In Terraform, the template_file data source is the preferred method of, for example, injecting variable data into a templated-file like a script or configuration file. In my case, I make heavy use of template_file as part of the spin-up routine for servers on Equinix Metal which uses cloud-init to run a script on first boot to configure the host.

For the sake of ease and user-customizability, I use a map resource in Terraform to store all of the URLs for Kubernetes manifests that I'd like applied to a Kubernetes cluster once Terraform creates the host, and cloud-init has bootstrapped the cluster, which looks like this:

variable "workloads" {
  type = map

  default = {
    ceph_common = "https://raw.githubusercontent.com/rook/rook/release-1.0/cluster/examples/kubernetes/ceph/common.yaml"

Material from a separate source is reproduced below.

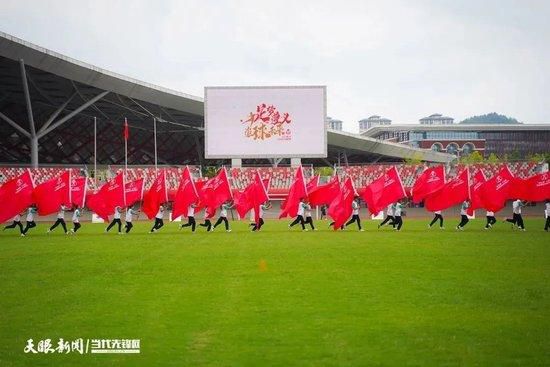 罗马在今夏出售了伊巴涅斯，而老将斯莫林则受伤长期缺席，再加上今年5月接受膝盖手术的库姆布拉，罗马在后防线上人员紧张，目前只剩曼奇尼、略伦特、恩迪卡这三名中卫可用，而他们三人也长时间连续作战无法轮休。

    ceph_operator = "https://raw.githubusercontent.com/rook/rook/release-1.0/cluster/examples/kubernetes/ceph/operator.yaml"

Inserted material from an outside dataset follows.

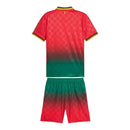 Kit infantil AC Milan Edição especial 25/26 - Puma - Vermelho com detalhes em verde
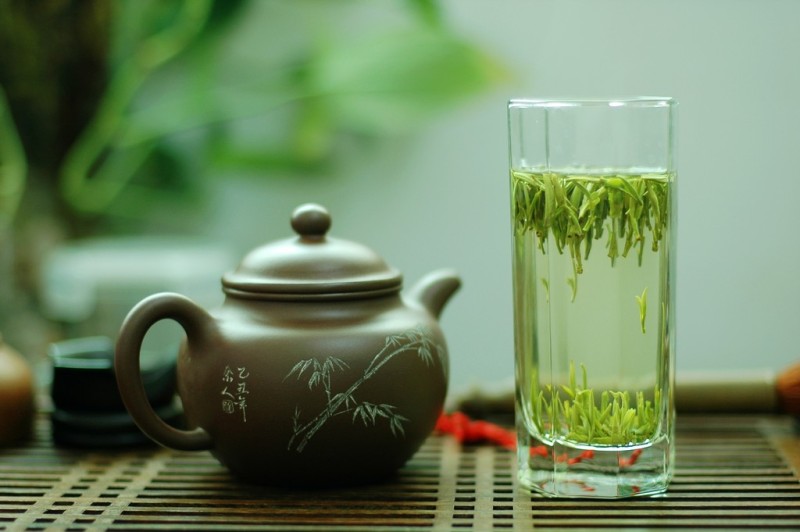 泡綠茶，別總是先放茶葉再倒水！想要茶香味好，請(qǐng)牢記這個(gè)順口溜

    ceph_cluster_minimal = "https://raw.githubusercontent.com/rook/rook/release-1.0/cluster/examples/kubernetes/ceph/cluster-minimal.yaml"
    ceph_cluster =  "https://raw.githubusercontent.com/rook/rook/release-1.0/cluster/examples/kubernetes/ceph/cluster.yaml"
    open_ebs_operator = "https://openebs.github.io/charts/openebs-operator-1.2.0.yaml"
    tigera_operator = "https://docs.projectcalico.org/manifests/tigera-operator.yaml"
    calico = "https://docs.projectcalico.org/manifests/custom-resources.yaml"
    flannel = "https://raw.githubusercontent.com/coreos/flannel/2140ac876ef134e0ed5af15c65e414cf26827915/Documentation/kube-flannel.yml"
    metallb_namespace = "https://raw.githubusercontent.com/google/metallb/v0.9.3/manifests/namespace.yaml"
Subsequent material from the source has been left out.